When every auth profile for a provider is already in cooldown, OpenClaw does
not automatically skip that provider forever. It makes a per-candidate decision:

- Persistent auth failures skip the whole provider immediately.
- Billing disables usually skip, but the primary candidate can still be probed
  on a throttle so recovery is possible without restarting.
- The primary candidate may be probed near cooldown expiry, with a per-provider
  throttle.
- Same-provider fallback siblings can be attempted despite cooldown when the
  failure looks transient (`rate_limit`, `overloaded`, or unknown).

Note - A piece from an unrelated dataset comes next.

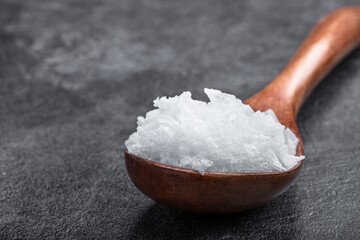 Pure natural sea salt crystal in wooden spoon on black stone background
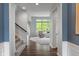 Hallway with hardwood floors and staircase that leads to the light filled living room with large windows at 12811 Corydon Dr, Fishers, IN 46037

This is
  especially relevant when a rate limit is model-scoped and a sibling model may
  still recover immediately.
- Transient cooldown probes are limited to one per provider per fallback run so
  a single provider does not stall cross-provider fallback.

## Session overrides and live model switching

Session model changes are shared state. The active runner, `/model` command,
compaction/session updates, and live-session reconciliation all read or write
parts of the same session entry.

That means fallback retries have to coordinate with live model switching:

- Only explicit user-driven model changes mark a pending live switch. That
  includes `/model`, `session_status(model=...)`, and `sessions.patch`.
- System-driven model changes such as fallback rotation, heartbeat overrides,
  or compaction never mark a pending live switch on their own.
- Before a fallback retry starts, the reply runner persists the selected
  fallback override fields to the session entry.
- Live-session reconciliation prefers persisted session overrides over stale
  runtime model fields.
- If the fallback attempt fails, the runner rolls back only the override fields
  it wrote, and only if they still match that failed candidate.

This prevents the classic race:

1. Primary fails.
2. Fallback candidate is chosen in memory.
3. Session store still says the old primary.
4. Live-session reconciliation reads the stale session state.
5. The retry gets snapped back to the old model before the fallback attempt
   starts.

The persisted fallback override closes that window, and the narrow rollback
keeps newer manual or runtime session changes intact.

## Observability and failure summaries

`runWithModelFallback(...)` records per-attempt details that feed logs and
user-facing cooldown messaging:

- provider/model attempted
- reason (`rate_limit`, `overloaded`, `billing`, `auth`, `model_not_found`, and
  similar failover reasons)
- optional status/code
- human-readable error summary

When every candidate fails, OpenClaw throws `FallbackSummaryError`. The outer
reply runner can use that to build a more specific message such as "all models
are temporarily rate-limited" and include the soonest cooldown expiry when one
is known.

That cooldown summary is model-aware:

- unrelated model-scoped rate limits are ignored for the attempted
  provider/model chain
- if the remaining block is a matching model-scoped rate limit, OpenClaw
  reports the last matching expiry that still blocks that model

## Related config

See [Gateway configuration](/gateway/configuration) for:

- `auth.profiles` / `auth.order`
- `auth.cooldowns.billingBackoffHours` / `auth.cooldowns.billingBackoffHoursByProvider`
- `auth.cooldowns.billingMaxHours` / `auth.cooldowns.failureWindowHours`
- `auth.cooldowns.overloadedProfileRotations` / `auth.cooldowns.overloadedBackoffMs`
- `auth.cooldowns.rateLimitedProfileRotations`
- `agents.defaults.model.primary` / `agents.defaults.model.fallbacks`
- `agents.defaults.imageModel` routing

See [Models](/concepts/models) for the broader model selection and fallback overview.